En 2021, environ 100'000 tonnes de SAF ont été produites dans le monde, mais il est prévu que l'offre de SAF passe à plus de 300 millions de tonnes par an d'ici 2050. Mais, plusieurs facteurs ralentissent le développement du marché. Les compagnies aériennes fixent des objectifs de SAF pour 2030 qui sont nettement moins ambitieux que le niveau nécessaire pour s'aligner sur les objectifs de l’accord de Paris. Selon le scénario de l'Agence International de l’Énergie, les SAF doivent représenter 18% de la consommation d'énergie du secteur d'ici à 2030 pour respecter l’objectif de 1,5 degrés. Mais, la plupart des compagnies qui se sont fixé des objectifs en matière de SAF visent à ce qu'elles représentent 10 à 12% de la consommation d'énergie d'ici à 2030.

La timidité des objectifs des compagnies aériennes s'explique en partie par l'incertitude du paysage réglementaire. Des mélanges de SAF sont proposés dans l'UE et au Royaume-Uni pour garantir une utilisation minimum de 5% et 10% de SAF d'ici 2030, parallèlement à une augmentation de la taxation européenne sur le carburant d'aviation conventionnel.

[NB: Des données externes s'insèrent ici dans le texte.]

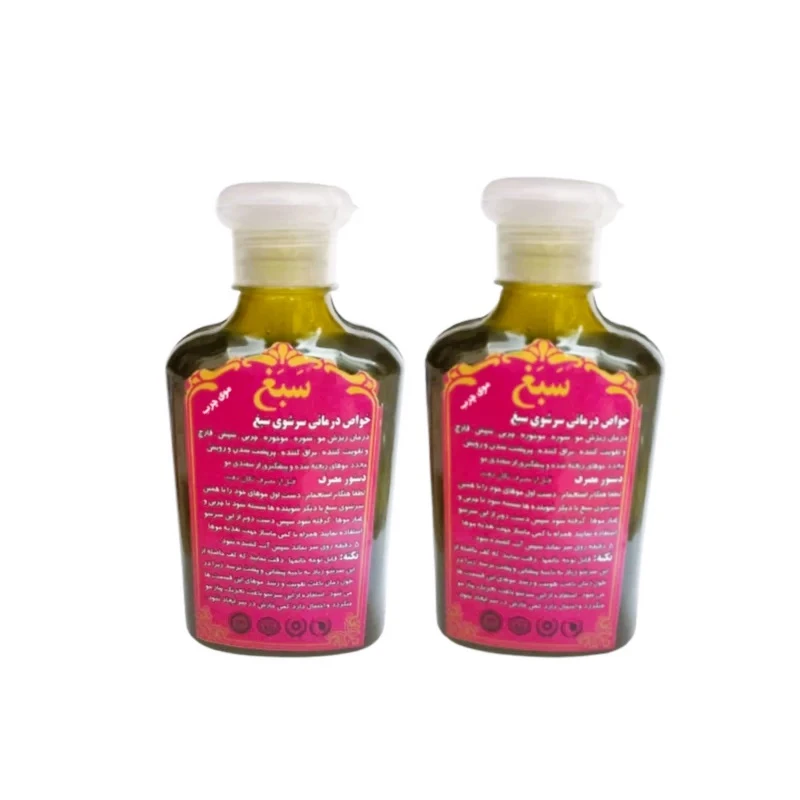 شامپو تقویت کننده و ضد ریزش مو سبغ مدل L3 حجم 250 میلی لیتر بسته 2 عددی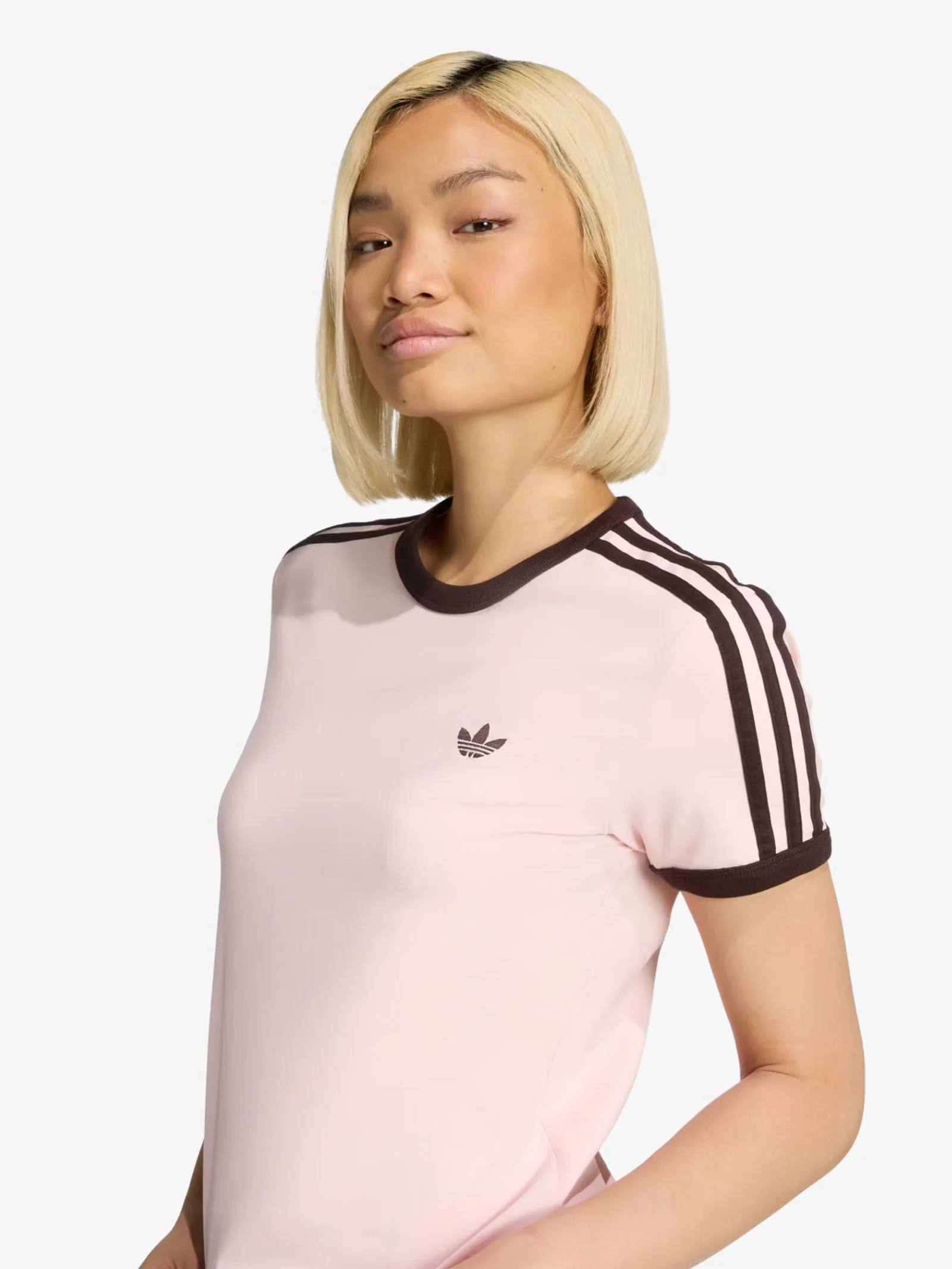 3 Stripes Slim Tee - Image 4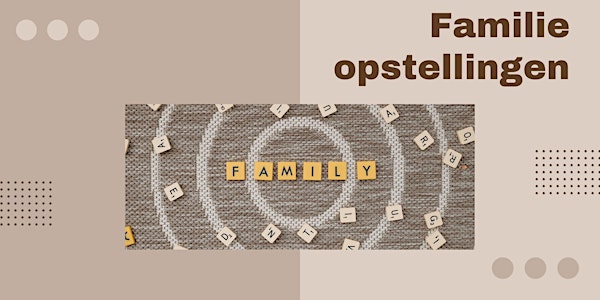 Workshop Familieopstellingen
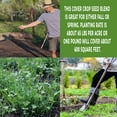 thumbnail image 4 of No-Till Farm and Garden Cover Crop Mix Seeds - 1 Lbs - Blend of Gardening Cover Crop Seeds: Hairy Vetch, Daikon Radish, Forage Collards, Triticale, More, 4 of 7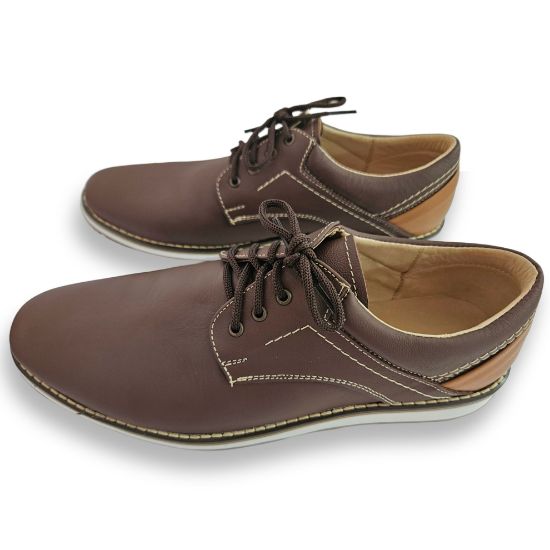 Imagen de Zapatos de Piel Para Hombre Moda Elegantes Casuales De Vestir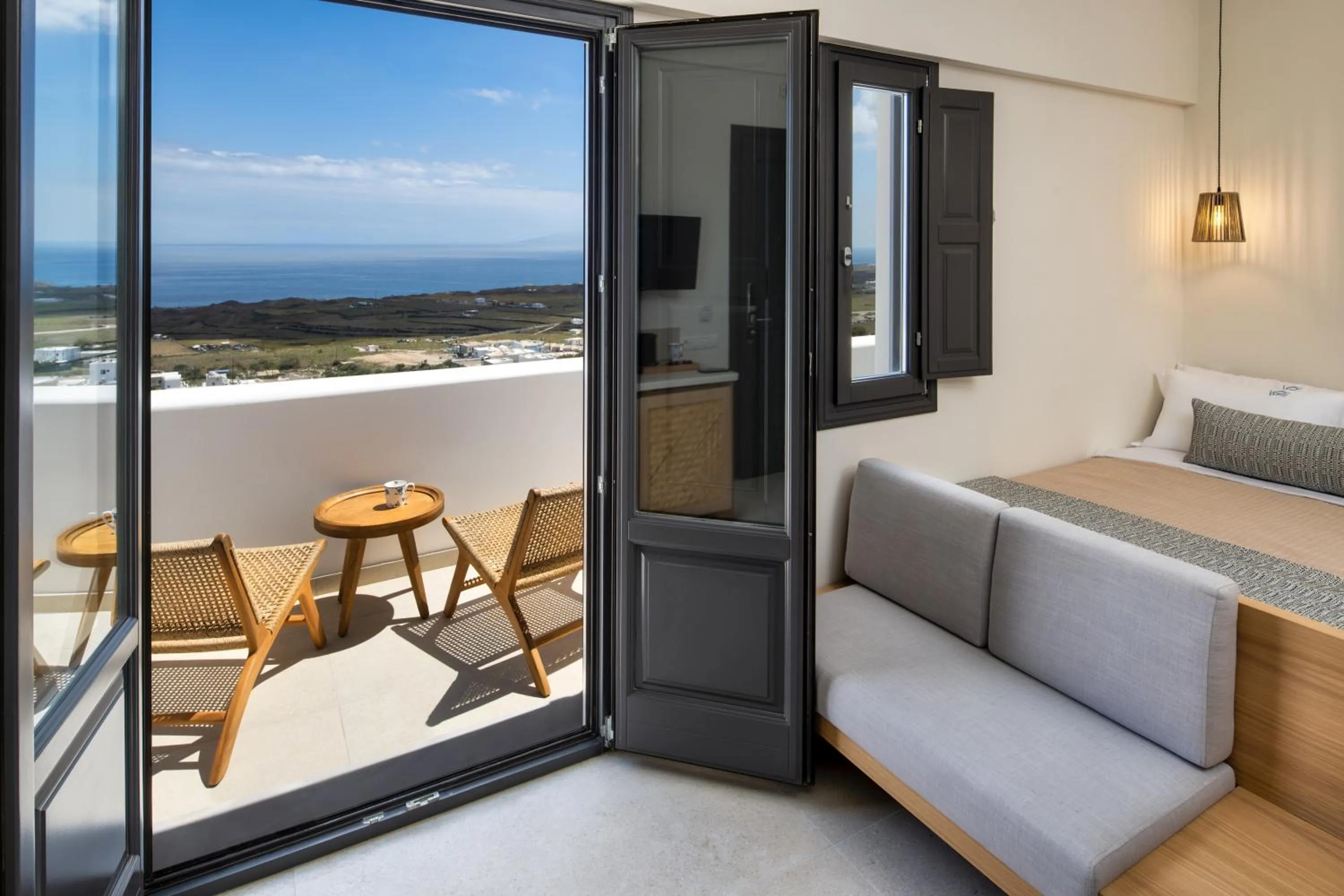 View (from property/room), Bed in Venus Sunrise Suites & Villas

Aux États-Unis, la norme californienne LCFS (Low Carbon Fuel Standard) fixe le prix des émissions de gaz à effet de serre en fonction du carburant utilisé, et une proposition de crédit d'impôt pour les SAF est actuellement examinée au Congrès. Ces mesures permettraient d'accélérer le déploiement des SAF, mais l'incertitude freine l'enthousiasme des investisseurs et de l'industrie aéronautique.